- **EXERCISE INSTRUCTIONS**
From the records below, transcribe exactly the lines that begin at the line with "Наручники Bedroom Fantasies: Faux" and end at the line with "A land that", both included.

** PROVIDED RECORDS follows **

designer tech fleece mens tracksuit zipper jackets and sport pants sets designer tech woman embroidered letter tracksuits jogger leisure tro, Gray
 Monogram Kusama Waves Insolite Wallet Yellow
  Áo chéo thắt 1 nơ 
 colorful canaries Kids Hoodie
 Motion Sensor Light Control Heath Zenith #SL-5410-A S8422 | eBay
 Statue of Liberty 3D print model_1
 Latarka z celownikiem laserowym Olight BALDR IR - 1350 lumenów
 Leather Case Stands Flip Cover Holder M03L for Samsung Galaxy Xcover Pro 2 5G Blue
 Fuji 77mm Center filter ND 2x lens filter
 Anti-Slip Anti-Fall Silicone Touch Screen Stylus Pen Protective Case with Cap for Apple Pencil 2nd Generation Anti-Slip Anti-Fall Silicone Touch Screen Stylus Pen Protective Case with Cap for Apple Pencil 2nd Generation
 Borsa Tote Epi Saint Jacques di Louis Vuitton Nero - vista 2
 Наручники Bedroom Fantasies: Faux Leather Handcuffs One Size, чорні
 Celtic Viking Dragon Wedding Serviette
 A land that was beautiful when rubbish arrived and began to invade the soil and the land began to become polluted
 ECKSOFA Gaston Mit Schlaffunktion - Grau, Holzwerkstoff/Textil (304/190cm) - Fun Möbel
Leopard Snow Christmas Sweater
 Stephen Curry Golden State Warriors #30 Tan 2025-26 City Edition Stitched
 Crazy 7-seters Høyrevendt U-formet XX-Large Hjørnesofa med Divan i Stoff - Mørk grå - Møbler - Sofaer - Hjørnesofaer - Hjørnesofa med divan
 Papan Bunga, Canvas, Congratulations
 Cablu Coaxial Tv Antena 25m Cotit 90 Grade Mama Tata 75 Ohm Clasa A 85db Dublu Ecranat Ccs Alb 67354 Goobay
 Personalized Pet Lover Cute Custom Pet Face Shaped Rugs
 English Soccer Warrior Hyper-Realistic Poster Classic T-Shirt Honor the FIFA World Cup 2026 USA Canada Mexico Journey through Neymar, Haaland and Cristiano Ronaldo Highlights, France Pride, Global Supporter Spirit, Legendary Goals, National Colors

** End of PROVIDED RECORDS **

- **EXPECTED OUTPUT**
 Наручники Bedroom Fantasies: Faux Leather Handcuffs One Size, чорні
 Celtic Viking Dragon Wedding Serviette
 A land that was beautiful when rubbish arrived and began to invade the soil and the land began to become polluted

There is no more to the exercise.